(HOW TO COMPLETE THIS TASK)
Your job is to return the whole listing unchanged while skipping its images.

(PROVIDED DATA)
"""
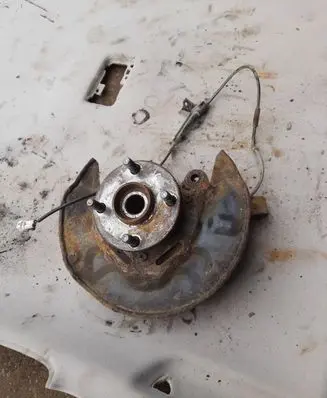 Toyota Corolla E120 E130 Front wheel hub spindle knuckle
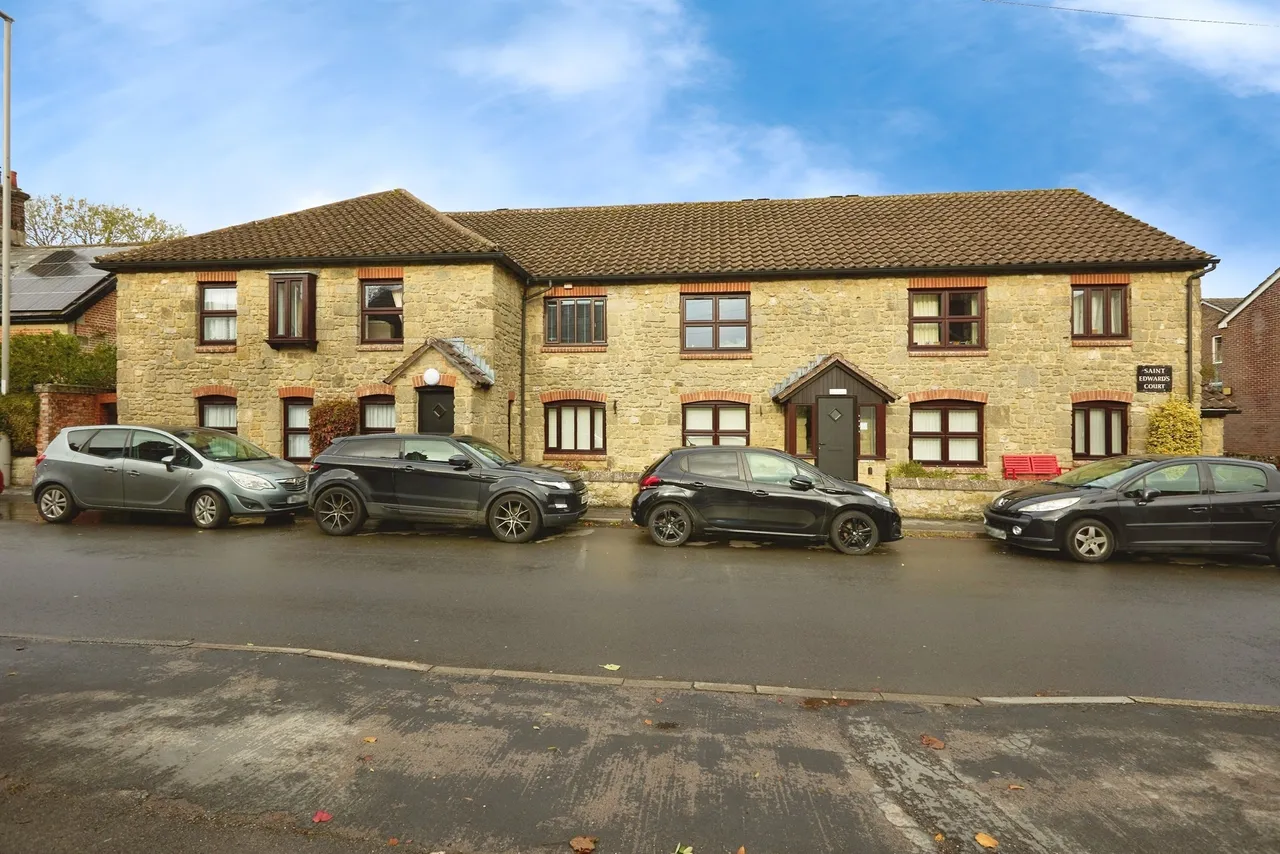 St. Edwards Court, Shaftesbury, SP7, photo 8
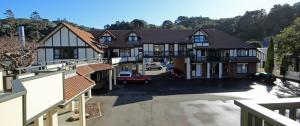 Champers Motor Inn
"""
(TASK RESPONSE)
 Toyota Corolla E120 E130 Front wheel hub spindle knuckle
 St. Edwards Court, Shaftesbury, SP7, photo 8
 Champers Motor Inn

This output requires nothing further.